Directions:
In the entries below, copy only the lines from the one that contains "Silver Stretch Ring" through the last line, exactly, and omit any pictures.

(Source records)
Segment Open
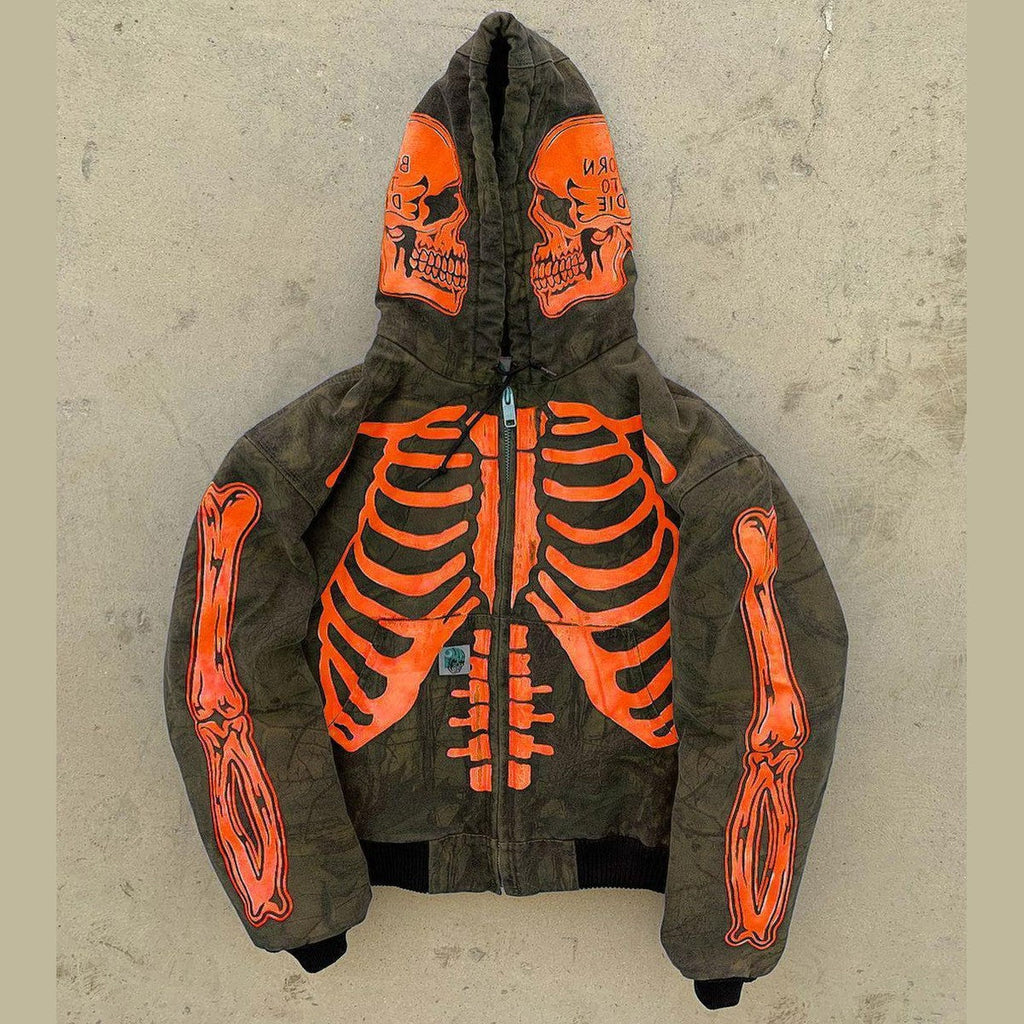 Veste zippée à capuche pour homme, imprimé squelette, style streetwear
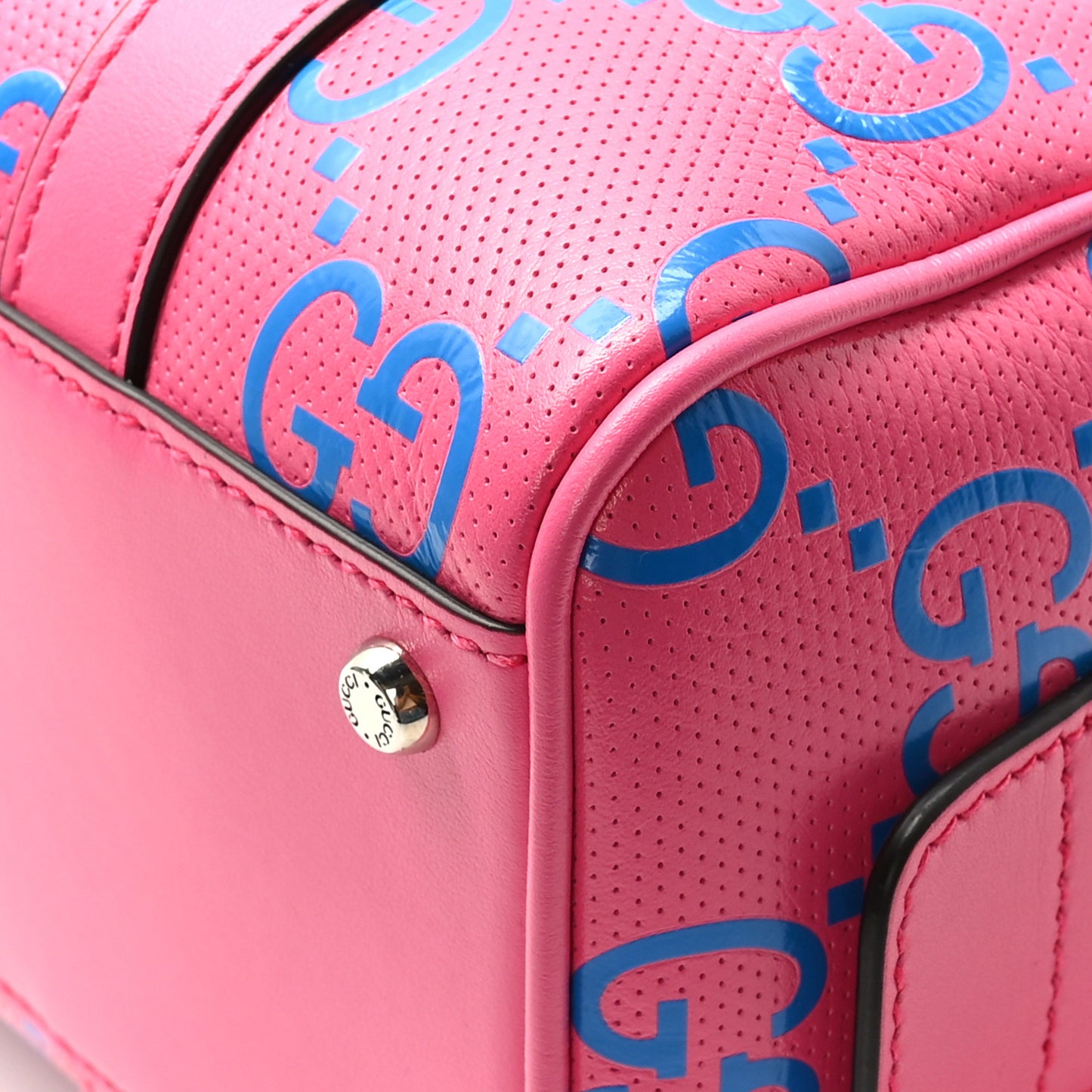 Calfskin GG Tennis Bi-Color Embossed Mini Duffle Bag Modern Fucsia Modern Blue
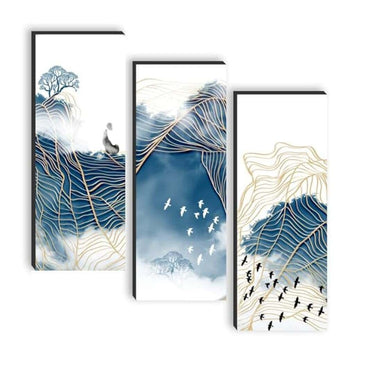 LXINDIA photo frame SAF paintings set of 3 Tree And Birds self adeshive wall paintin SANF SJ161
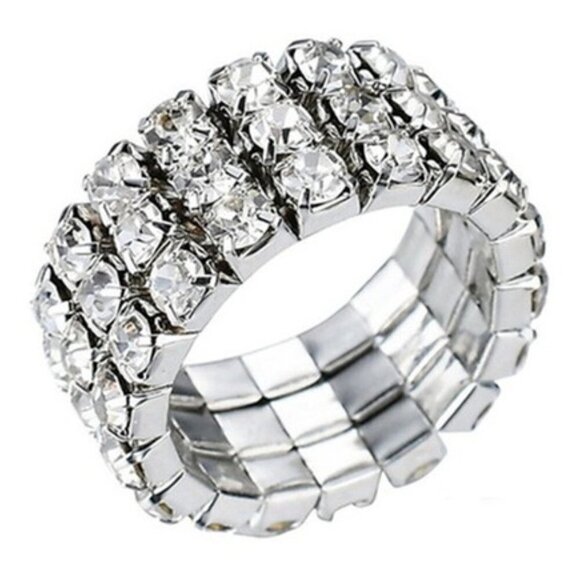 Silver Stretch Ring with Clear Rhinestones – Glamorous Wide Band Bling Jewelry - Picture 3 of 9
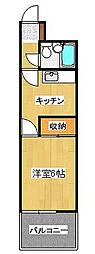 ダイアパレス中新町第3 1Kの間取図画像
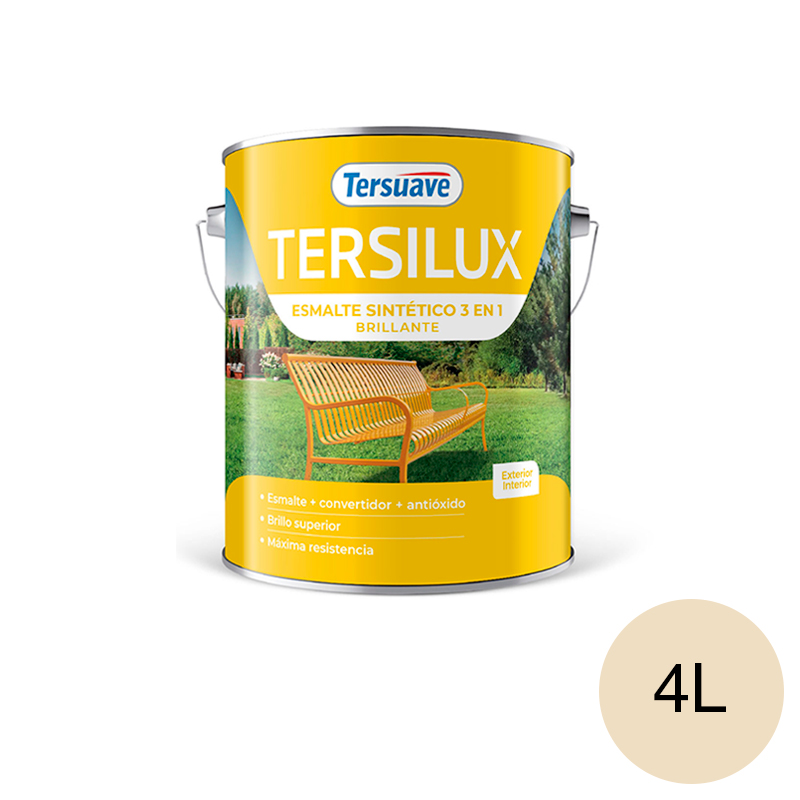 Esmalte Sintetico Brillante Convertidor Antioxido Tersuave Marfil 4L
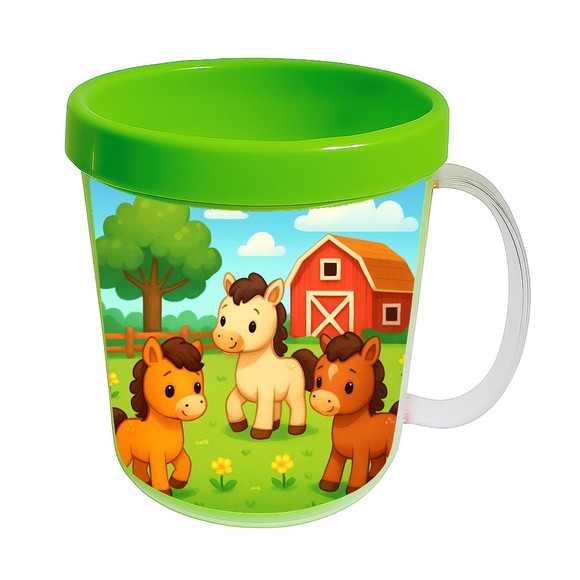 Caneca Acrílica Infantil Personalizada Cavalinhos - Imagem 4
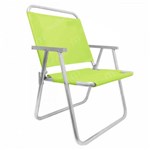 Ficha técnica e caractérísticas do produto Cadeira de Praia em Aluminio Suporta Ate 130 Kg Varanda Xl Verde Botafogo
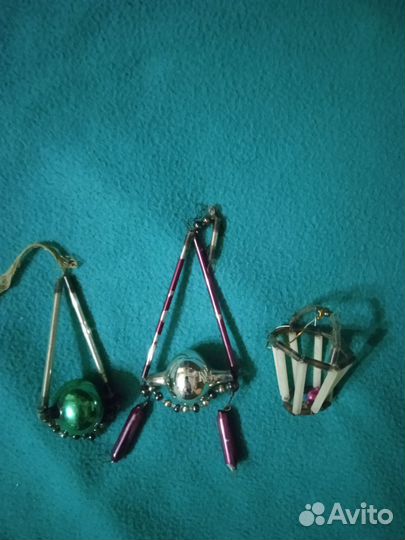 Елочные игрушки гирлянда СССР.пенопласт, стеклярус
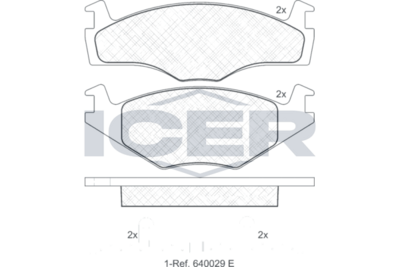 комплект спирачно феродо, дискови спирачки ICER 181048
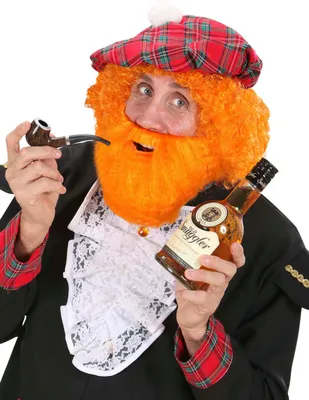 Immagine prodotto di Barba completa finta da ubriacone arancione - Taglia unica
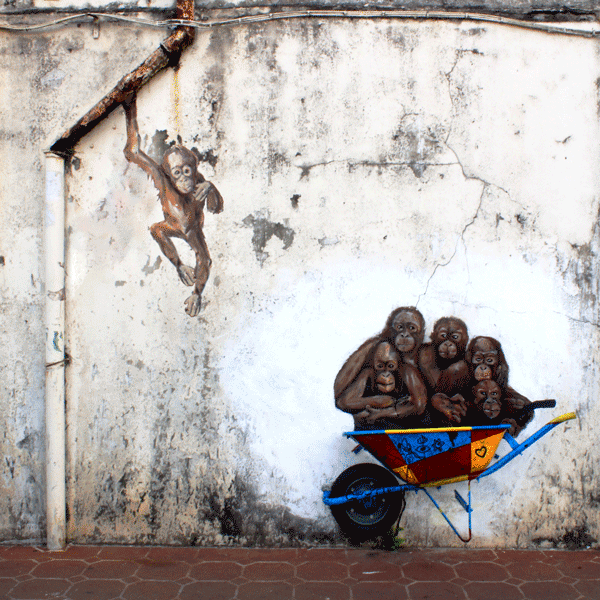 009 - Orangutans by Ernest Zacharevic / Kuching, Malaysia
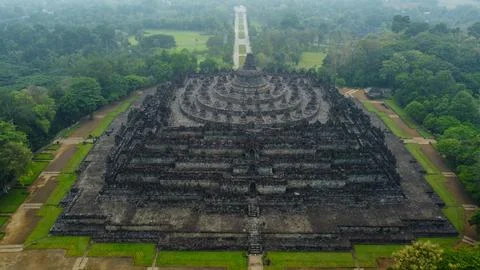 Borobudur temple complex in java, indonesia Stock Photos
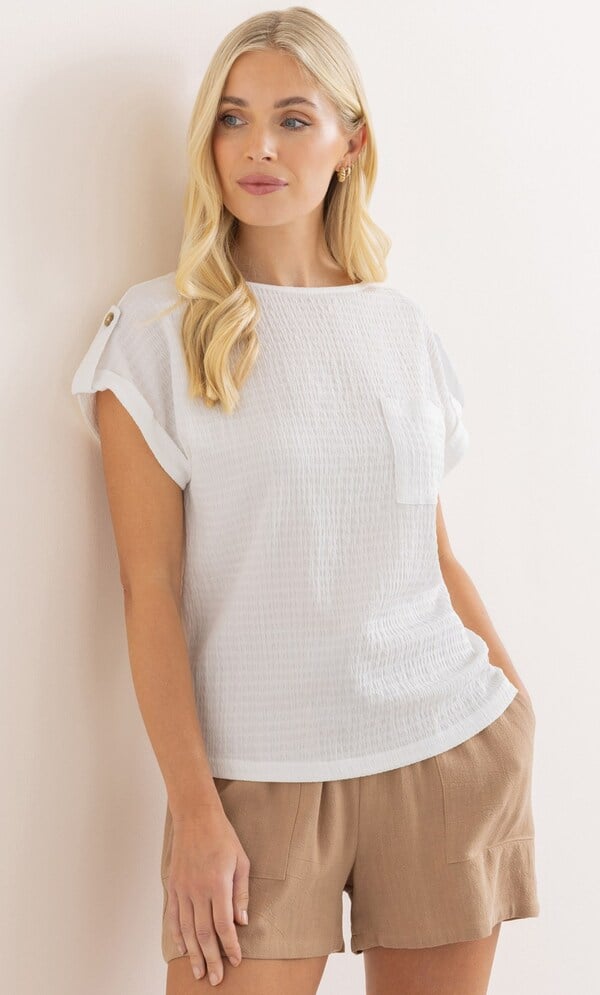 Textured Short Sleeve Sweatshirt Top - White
Segment Closed
Finished exercise:
 Silver Stretch Ring with Clear Rhinestones – Glamorous Wide Band Bling Jewelry - Picture 3 of 9
 ダイアパレス中新町第3 1Kの間取図画像
 Esmalte Sintetico Brillante Convertidor Antioxido Tersuave Marfil 4L
 Caneca Acrílica Infantil Personalizada Cavalinhos - Imagem 4
 Ficha técnica e caractérísticas do produto Cadeira de Praia em Aluminio Suporta Ate 130 Kg Varanda Xl Verde Botafogo
 Елочные игрушки гирлянда СССР.пенопласт, стеклярус
 комплект спирачно феродо, дискови спирачки ICER 181048
 Immagine prodotto di Barba completa finta da ubriacone arancione - Taglia unica
 009 - Orangutans by Ernest Zacharevic / Kuching, Malaysia
 Borobudur temple complex in java, indonesia Stock Photos
 Textured Short Sleeve Sweatshirt Top - White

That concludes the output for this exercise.